5.2 Such measurements in ambient air are of importance because of the known role of VOCs as ozone precursors, and in some cases (for example, benzene), as toxic pollutants in their own right.  
5.3 Such measurements in indoor air are of importance because of the association of VOCs with air quality problems in indoor environments, particularly in relation to sick building syndrome and emissions from building materials. Many volatile organic compounds have the potential to contribute to air quality problems in indoor environments and in some cases toxic VOCs may be present at such elevated concentrations in home or workplace atmospheres as to prompt serious concerns over human exposure and adverse health effects (5).  
5.4 Such measurements in workplace air are of importance because of the known toxic effects of many such compounds.

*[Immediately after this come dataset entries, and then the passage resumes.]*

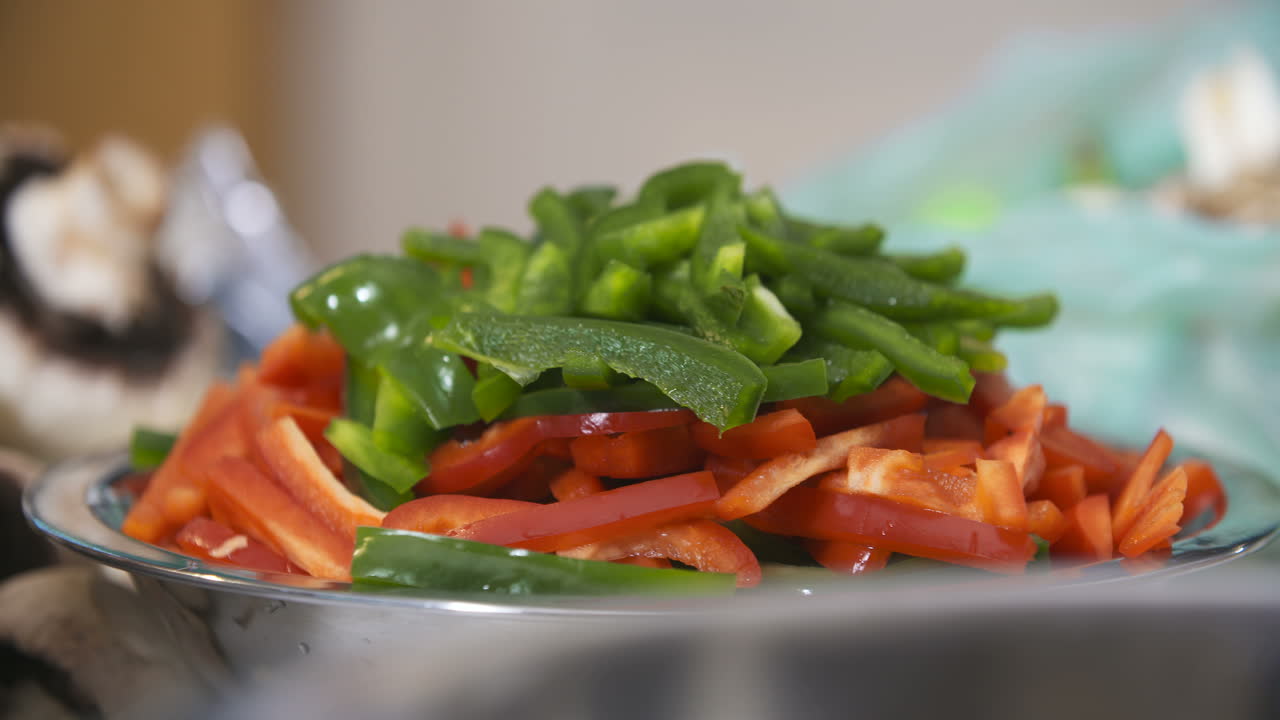 그릇에 녹색과 붉은 고추를 잘라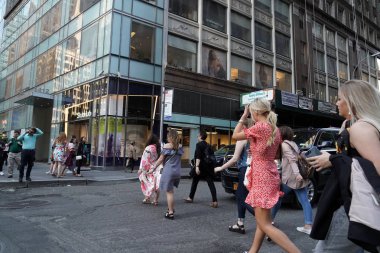 Önemli ticari kavşak, turizm, eğlence merkezi ve bulunduğu Midtown Manhattan'ın New York, ABD - 25 Mayıs 2018 - Times Square olduğunu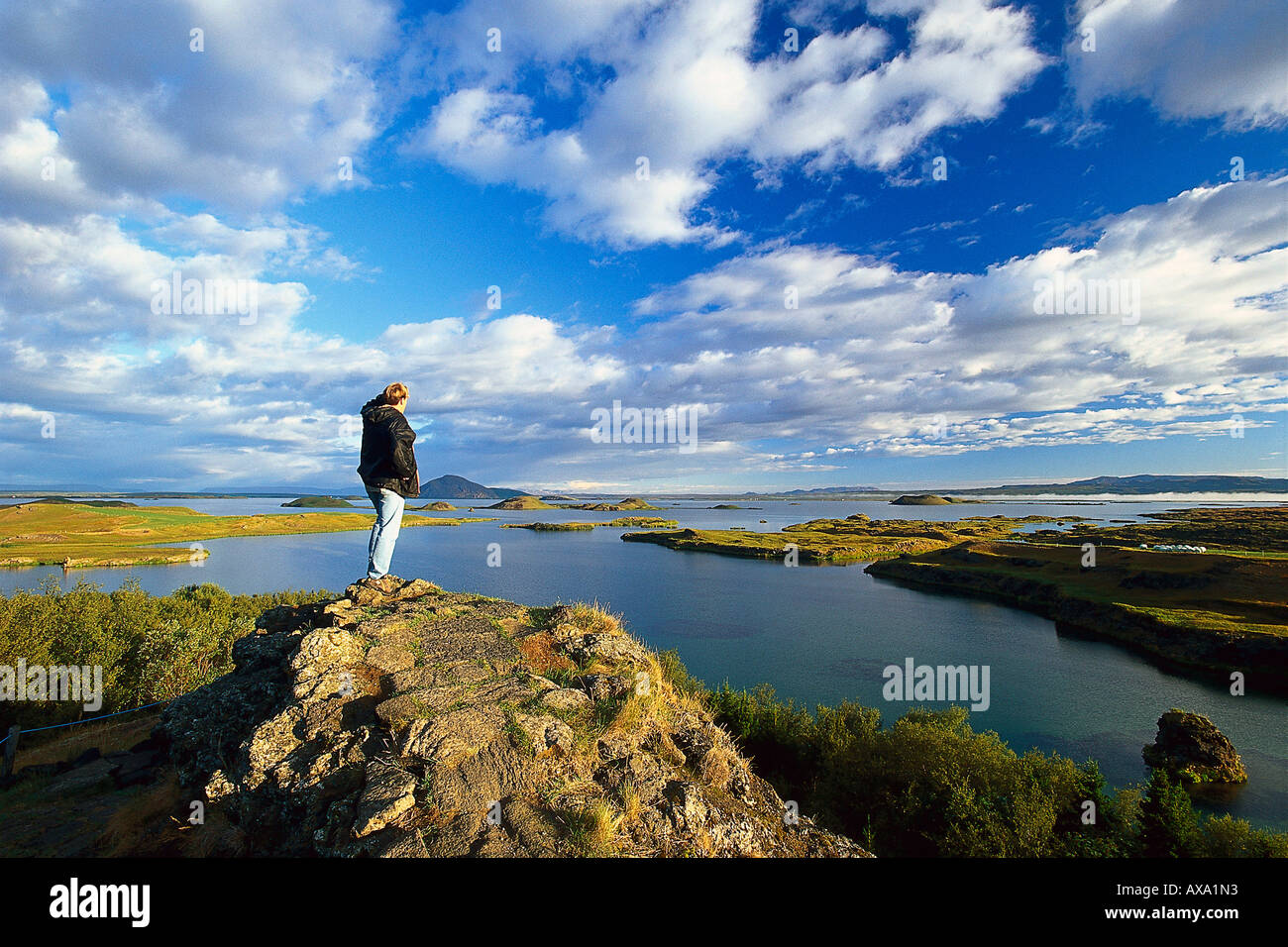 Mann stand auf einem Felsen betrachten, Myvatn, North Island, Island Stockfoto
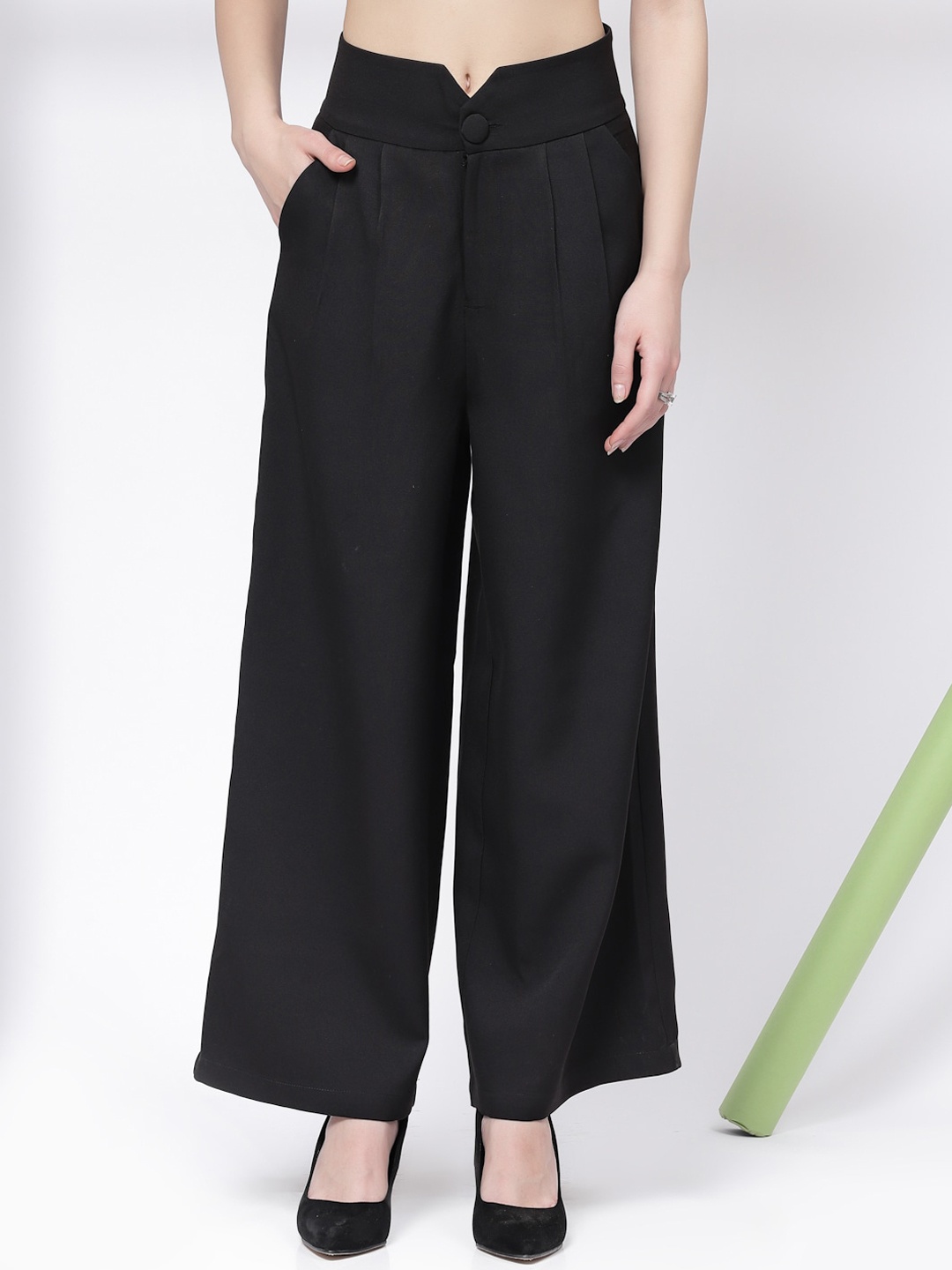 

KASSUALLY Women High-Rise Easy Wash Pleated Trousers, Black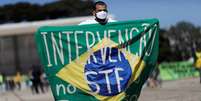 Manifestante com bandeira que defende intervenção no STF e no Congresso durante ato em Brasília
31/05/2020 
REUTERS/Ueslei Marcelino  Foto: Reuters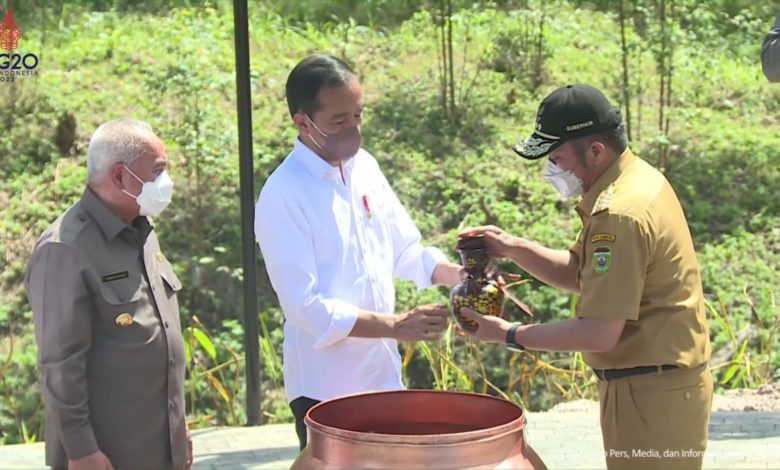 Gubernur Sumsel H Herman Deru Bersama Presiden Republik Indonesia Joko Widodo Saat penyerahan tanah dan air di titik  nol kilometer Ibu Kota Nusantara (IKN) di Kalimantan Timur, Senin (14/3).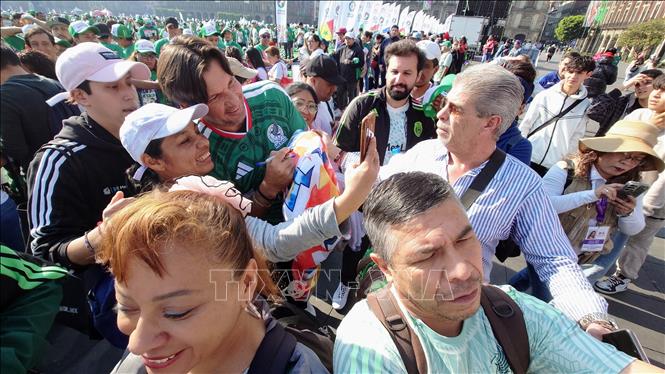 Người hâm mộ vây quanh Álvaro Fidalgo, tuyển thủ Mexico, trong một sự kiện cổ động cho World Cup 2026. Ảnh: Phi Hùng - PV TTXVN tại Mexico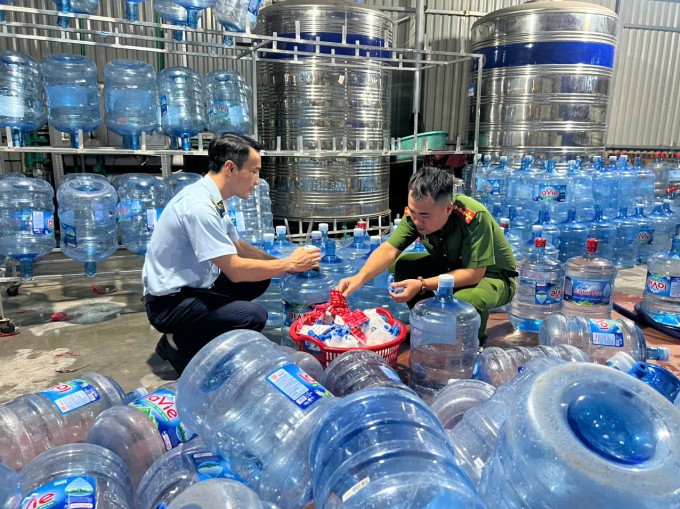Các vỏ bình Lavie giả bị thu giữ. Ảnh: Công an cung cấp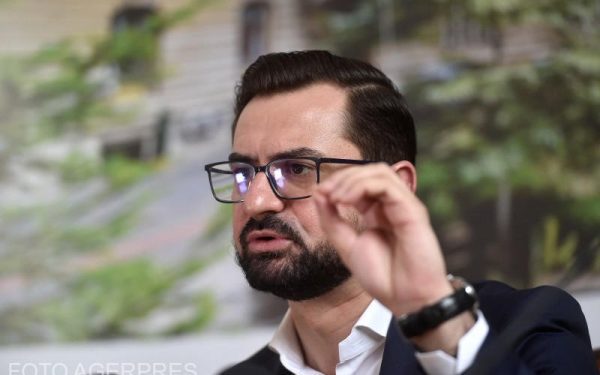 Fostul ministru al Agriculturii, Adrian Chesnoiu, a fost condamnat miercuri de către Instanța Supremă la patru ani de închisoare cu executare într-un dosar complicat privind fraudarea unor concursuri de angajare în cadrul instituției pe care a condus-o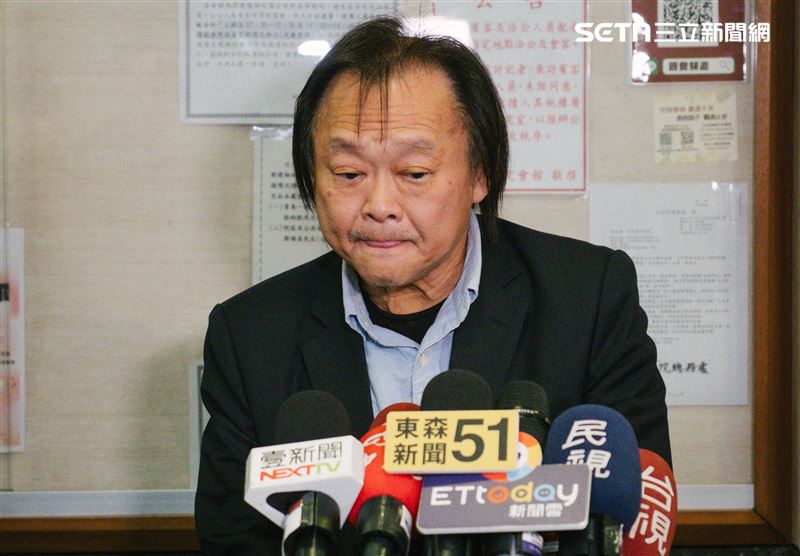 共軍軍艦現「從從容容游刃有餘」人體排字，王世堅表示，這是台灣與中國難得的共識。（圖／記者楊士誼攝影）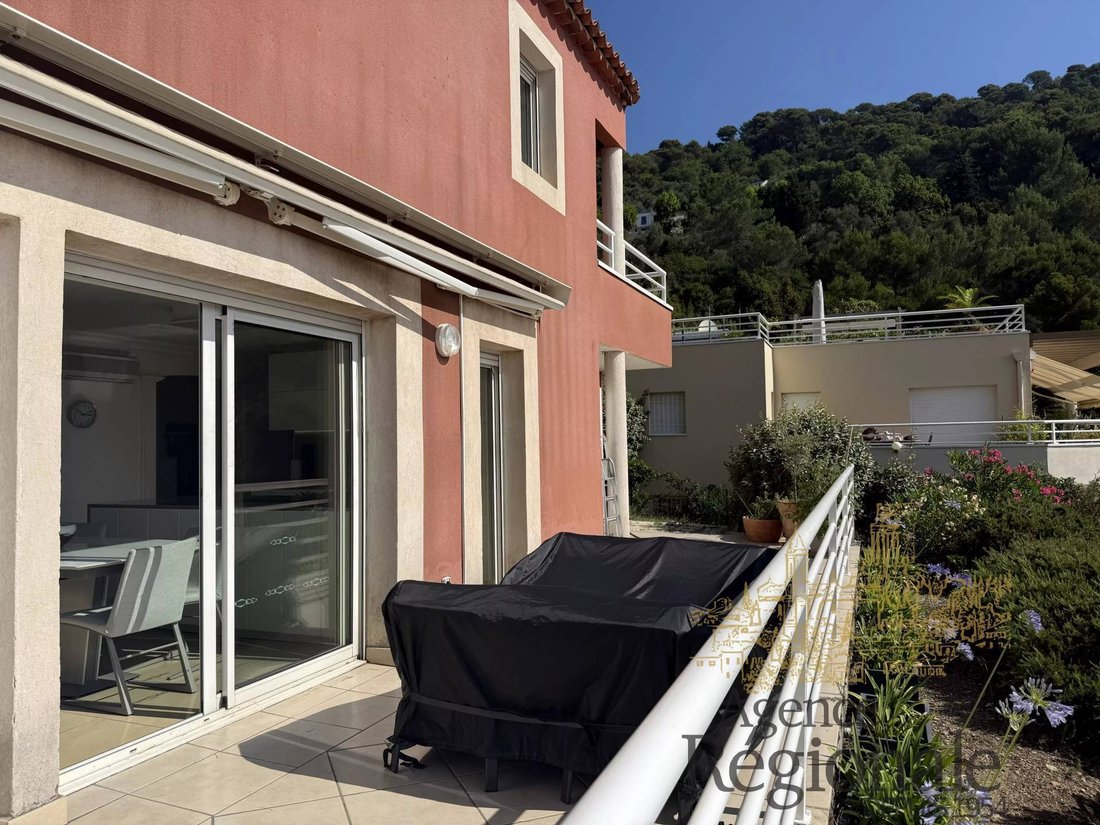 House in Èze, Provence-Alpes-Côte d'Azur, France 4 - 18439743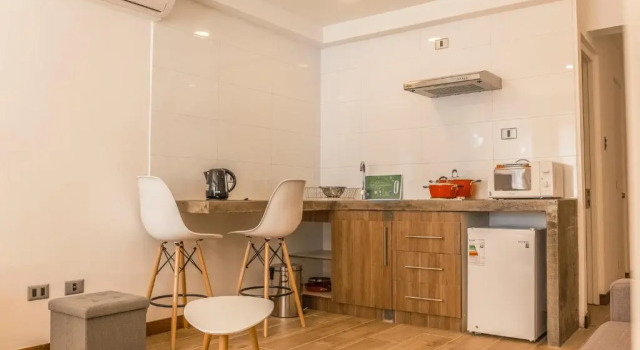 Двухместный номер Standard с балконом Apart Hotel Viscachani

Note 1: While workplace air monitoring has traditionally been carried out using disposable sorbent tubes, typically packed with charcoal and extracted using chemical desorption (solvent extraction) prior to GC analysis – for example following NIOSH and OSHA reference methods – routine thermal desorption (TD) technology was originally developed specifically for this application area. TD overcomes the inherent analyte dilution limitation of solvent extraction improving method detection limits by 2 or 3 orders of magnitude and making methods easier to automate. Relevant international standard methods include ISO 16017-1 and ISO 16017-2. For a detailed history of the development of analytical thermal desorption and a comparison with solvent extraction methods see Ref (6).  
5.5 In order to protect the environment as a whole and human health in part...
SCOPE
1.1 This practice is intended to assist in the selection of sorbents and procedures for the sampling and analysis of ambient (1),2 indoor (2), and workplace (3, 4) atmospheres for a variety of common volatile organic compounds (VOCs). It may also be used for measuring emissions from materials in small or full scale environmental chambers or for human exposure assessment.  
1.2 This practice is based on the sorption of VOCs from air onto selected sorbents or combinations of sorbents. Sampled air is either drawn through a tube containing one or a series of sorbents (pumped sampling) or allowed to diffuse, under controlled conditions, onto the sorbent surface at the sampling end of the tube (diffusive or passive sampling). The sorbed VOCs are subsequently recovered by thermal desorption and analyzed by capillary gas chromatography.  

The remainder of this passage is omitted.